Projet B.I Solution Upgrade

Rôle
Product designer
Client
Nexans, via Exakis-Nelite
Secteur
Industrie, commerce
Date
2023

Et si le problème n'était pas les données, mais ce qu'on cherchait à leur faire dire ?

Les équipes commerciales de Nexans pilotent leur activité depuis un fichier Excel de dix-huit pages, dont le temps de chargement atteint trente minutes. Certaines business units se retrouvent purement à l'arrêt. La direction décide de migrer vers Power BI. J'interviens comme product designer, avec un accès direct aux directeurs de BU, aux managers et aux commerciaux.
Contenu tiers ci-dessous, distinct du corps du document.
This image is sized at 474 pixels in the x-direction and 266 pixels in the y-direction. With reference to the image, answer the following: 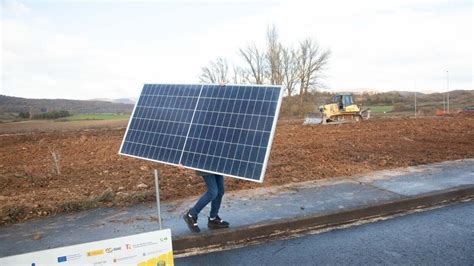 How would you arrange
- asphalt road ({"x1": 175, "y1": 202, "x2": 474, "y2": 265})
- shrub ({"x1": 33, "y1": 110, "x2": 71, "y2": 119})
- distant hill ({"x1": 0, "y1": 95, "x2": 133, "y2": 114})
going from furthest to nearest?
distant hill ({"x1": 0, "y1": 95, "x2": 133, "y2": 114})
shrub ({"x1": 33, "y1": 110, "x2": 71, "y2": 119})
asphalt road ({"x1": 175, "y1": 202, "x2": 474, "y2": 265})

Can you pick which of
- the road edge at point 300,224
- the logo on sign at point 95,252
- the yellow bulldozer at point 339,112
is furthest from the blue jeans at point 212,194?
the yellow bulldozer at point 339,112

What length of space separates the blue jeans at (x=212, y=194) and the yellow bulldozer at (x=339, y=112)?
28.1 meters

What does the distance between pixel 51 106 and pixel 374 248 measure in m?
87.8

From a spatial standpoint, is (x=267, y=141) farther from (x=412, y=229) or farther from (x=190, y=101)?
(x=412, y=229)

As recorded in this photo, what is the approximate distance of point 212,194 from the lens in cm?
612

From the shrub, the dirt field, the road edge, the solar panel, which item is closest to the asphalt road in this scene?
the road edge

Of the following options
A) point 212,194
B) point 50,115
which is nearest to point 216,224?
point 212,194

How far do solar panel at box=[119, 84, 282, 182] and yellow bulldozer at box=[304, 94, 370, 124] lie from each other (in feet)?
91.2

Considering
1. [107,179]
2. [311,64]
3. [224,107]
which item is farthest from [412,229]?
[311,64]

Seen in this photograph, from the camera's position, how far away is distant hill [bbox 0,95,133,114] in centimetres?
7438

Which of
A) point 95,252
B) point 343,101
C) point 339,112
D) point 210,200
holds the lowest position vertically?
point 210,200

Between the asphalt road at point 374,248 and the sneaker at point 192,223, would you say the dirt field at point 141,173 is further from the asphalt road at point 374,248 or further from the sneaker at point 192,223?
the asphalt road at point 374,248

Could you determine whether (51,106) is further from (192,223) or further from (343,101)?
(192,223)

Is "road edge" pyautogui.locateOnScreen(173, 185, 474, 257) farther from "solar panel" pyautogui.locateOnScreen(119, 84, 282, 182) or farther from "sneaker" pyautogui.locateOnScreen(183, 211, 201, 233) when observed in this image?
"solar panel" pyautogui.locateOnScreen(119, 84, 282, 182) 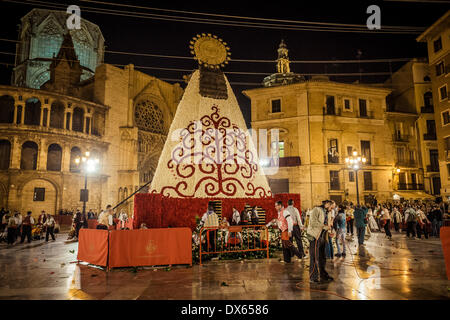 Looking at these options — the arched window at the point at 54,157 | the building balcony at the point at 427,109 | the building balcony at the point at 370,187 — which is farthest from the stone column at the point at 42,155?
the building balcony at the point at 427,109

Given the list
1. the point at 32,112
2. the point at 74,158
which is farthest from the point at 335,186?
the point at 32,112

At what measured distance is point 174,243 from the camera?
286 inches

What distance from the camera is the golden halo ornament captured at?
9648 millimetres

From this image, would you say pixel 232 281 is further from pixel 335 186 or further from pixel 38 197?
pixel 38 197

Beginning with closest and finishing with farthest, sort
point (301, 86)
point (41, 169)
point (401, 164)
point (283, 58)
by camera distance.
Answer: point (41, 169) < point (301, 86) < point (401, 164) < point (283, 58)

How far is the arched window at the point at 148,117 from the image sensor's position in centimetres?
3601

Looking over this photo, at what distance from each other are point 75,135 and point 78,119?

On m'a demandé de mieux montrer les données.
Il fallait d'abord savoir ce que l'activité avait besoin de décider.

01
Dix-huit pages d'Excel, trente minutes de chargement
L'outil de pilotage commercial est devenu un obstacle. Des business units entières se retrouvent bloquées, les remontées s'accumulent, la direction décide de migrer vers Power BI.
02
Le vrai sujet n'était pas la donnée, mais ce qu'elle devait servir à décider
Entretiens et enquête à tous les niveaux. Les utilisateurs ne savent pas exprimer leur besoin, non par incompétence, mais parce que l'outil les a habitués à consulter des chiffres plutôt qu'à poser des questions. On partait de ce qu'on pouvait mesurer, jamais de ce qu'il fallait trancher.
03
Les Atomic Metrics : co-concevoir le BI depuis les décisions réelles
Une carte d'identité par métrique — à quoi elle sert, comment elle se construit, à quoi elle se relie, comment la visualiser. Remplies en atelier avec les utilisateurs, elles font apparaître les priorités et deviennent la structure même des pages du BI.
04
Chaque métrique a besoin d'une autre pour ne pas dériver
Une métrique isolée devient une cible, et cesse d'être une bonne mesure. D'où le couple moteur / boussole : l'une propulse la performance, l'autre garde le cap sur l'objectif réel. C'est leur tension qui produit la justesse.
05
Un outil que les équipes s'approprient, et qui grandit avec elles
Cinq pages centrales et trois pages adaptées aux besoins spécifiques des business units, un chargement quasi instantané, une architecture pensée pour se répliquer et évoluer. Près de 100% d'adoption.
06
Deux leçons : sur l'outil, et sur la nécessité de l'information
L'outil n'est jamais la finalité, il est le vaisseau de la décision. Et rien ne mérite d'exister par défaut : toute information qui n'éclaire aucune décision doit être questionnée.

Le détail

01 — Le problème, tel qu'il était posé

Un outil de pilotage devenu un obstacle

Nexans, acteur mondial du câble, pilote son activité commerciale depuis un fichier Excel de dix-huit pages. Le système est lent, illisible, et n'absorbe plus l'évolution des besoins. Il faut parfois une calculatrice pour retrouver un chiffre que le tableau devrait donner.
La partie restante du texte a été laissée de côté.